§ TASK DIRECTIONS
Take the line containing "Jus de pétoncles pomme canneberge (15x 20cl)" through the last line of the data and retype those lines exactly. Pictures do not belong in the copy.

##########

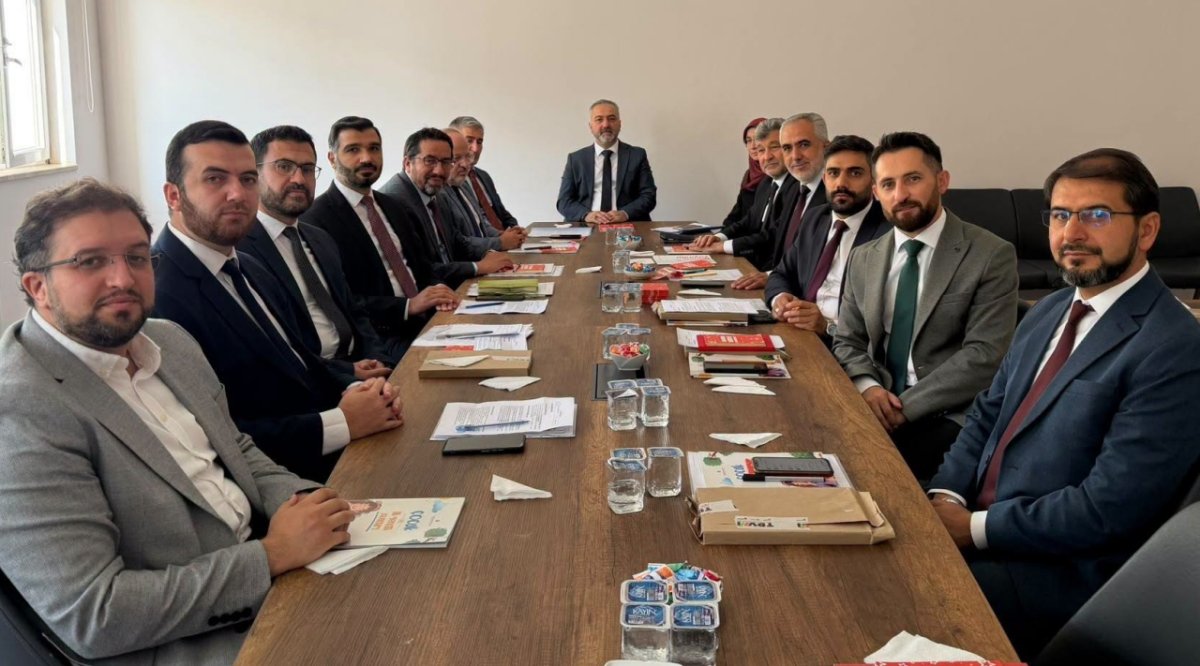 Çorum'da İlçe Müftüleri Eylül Ayı Toplantısı Gerçekleştirildi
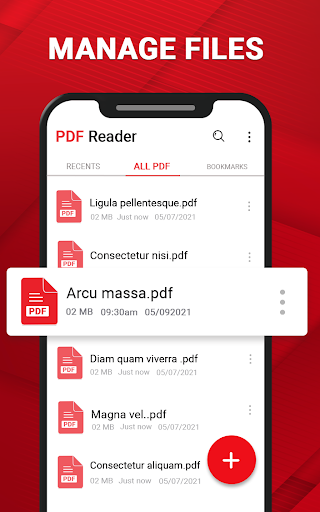 Screenshot PDF Reader: PDF Viewer App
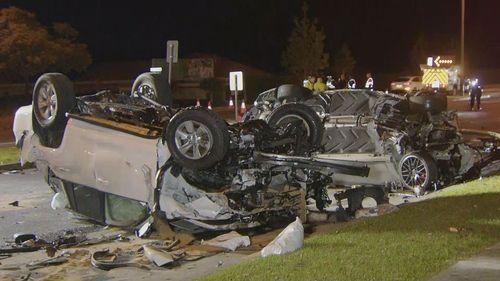 Five people remain in hospital with serious injuries after a horror crash in Forest Lake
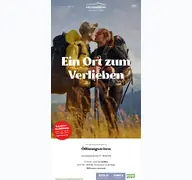 Kleine Seitenvorschau von enzianhuette-rhoen.de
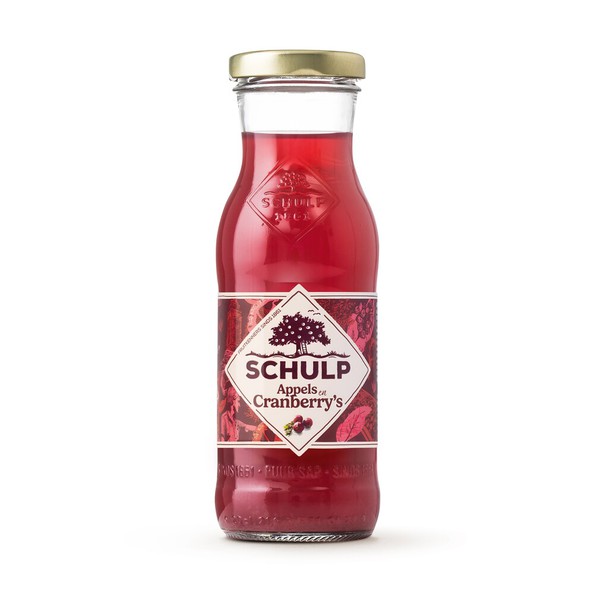 Jus de pétoncles pomme canneberge (15x 20cl)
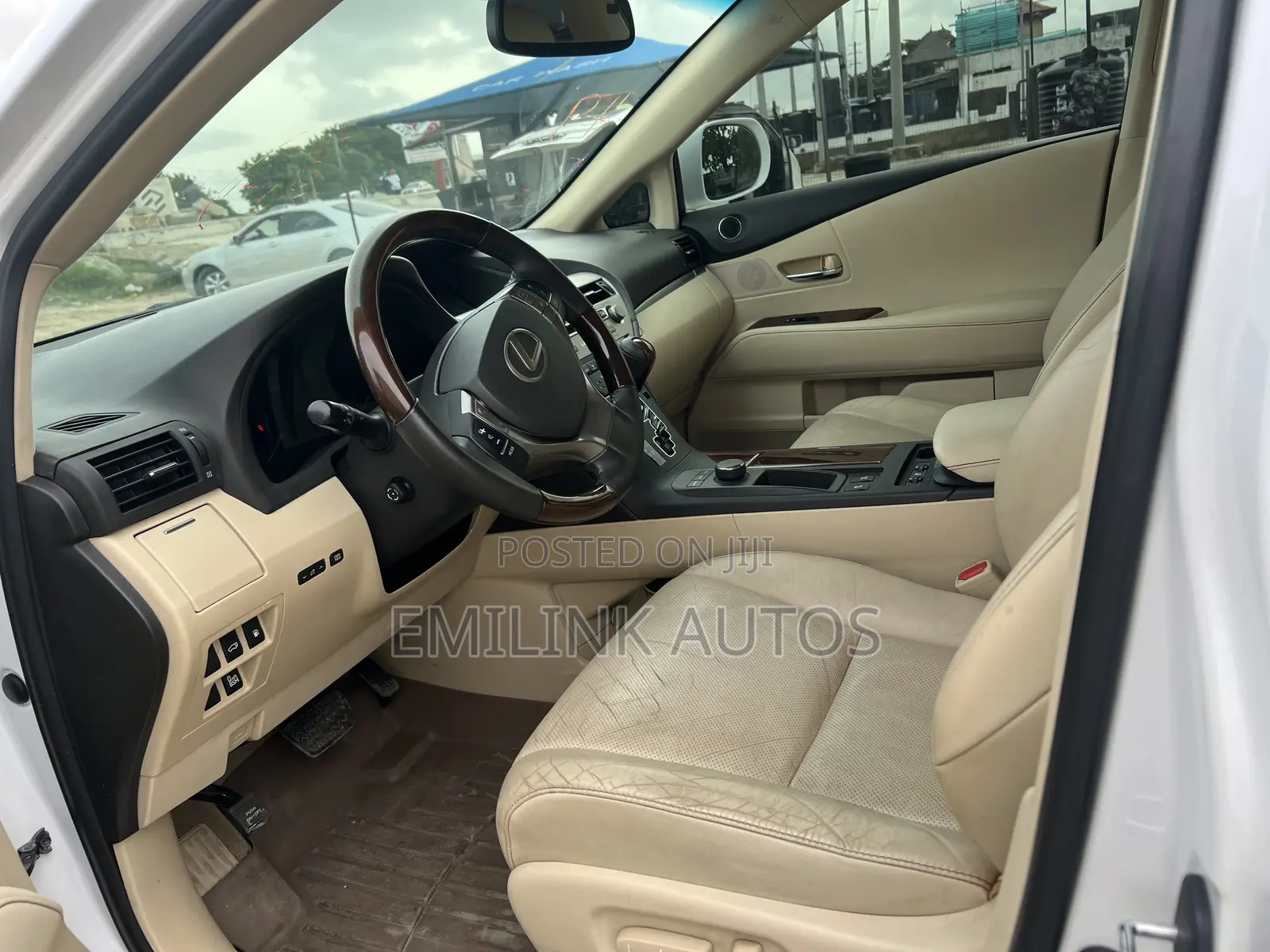 Lexus RX 350 2015 White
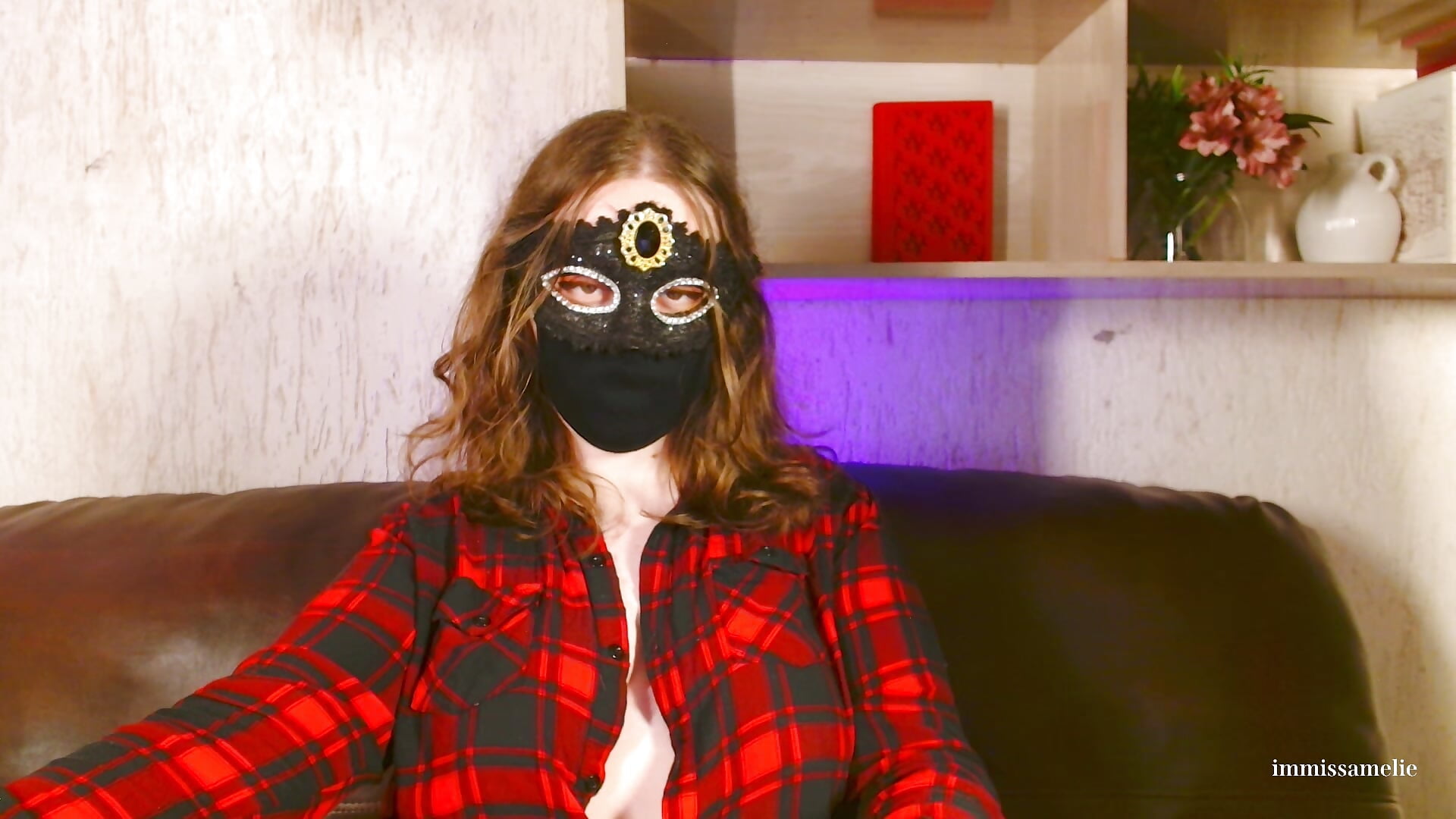 You're so pathetic - video di ImMissAmelie modella di cam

##########

§ SOLUTION TO THE PROBLEM
 Jus de pétoncles pomme canneberge (15x 20cl)
 Lexus RX 350 2015 White
 You're so pathetic - video di ImMissAmelie modella di cam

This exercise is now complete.